*PROBLEM TO WORK ON:*
Starting from the line that holds "Asep Diculik Nenek", output exactly each line through the end of the listing. Do not copy pictures.

======== INPUT DATA ========

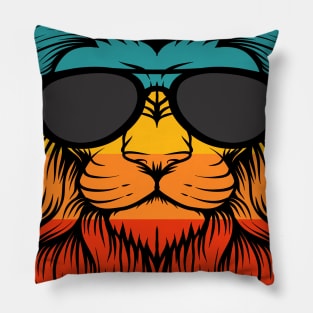 Lion Reggae Pillow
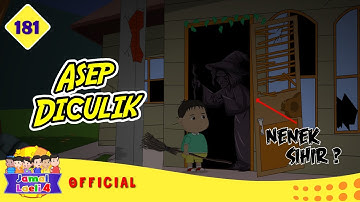 Asep Diculik Nenek Sihir - Rumah Terbengkalai - Jamal Laeli Series Official - Dolant Kreatif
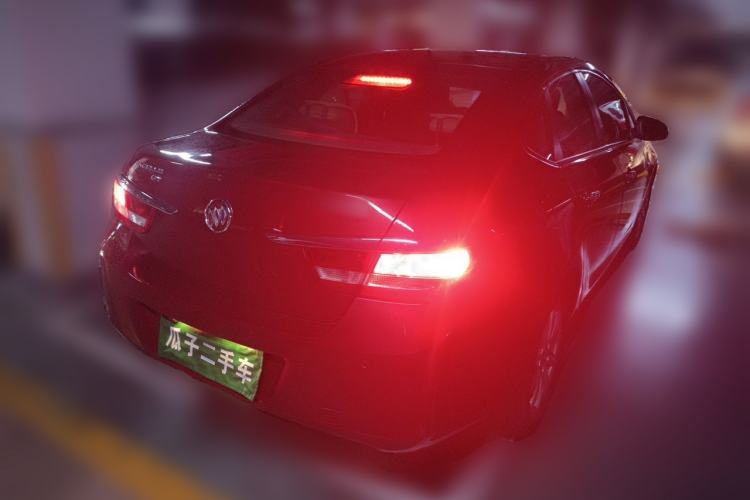 Used Buick GT 2013 GT 1.6L Automatic Fashion Edition Rear Right 45 Deg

========

*TASK OUTPUT:*
 Asep Diculik Nenek Sihir - Rumah Terbengkalai - Jamal Laeli Series Official - Dolant Kreatif
 Used Buick GT 2013 GT 1.6L Automatic Fashion Edition Rear Right 45 Deg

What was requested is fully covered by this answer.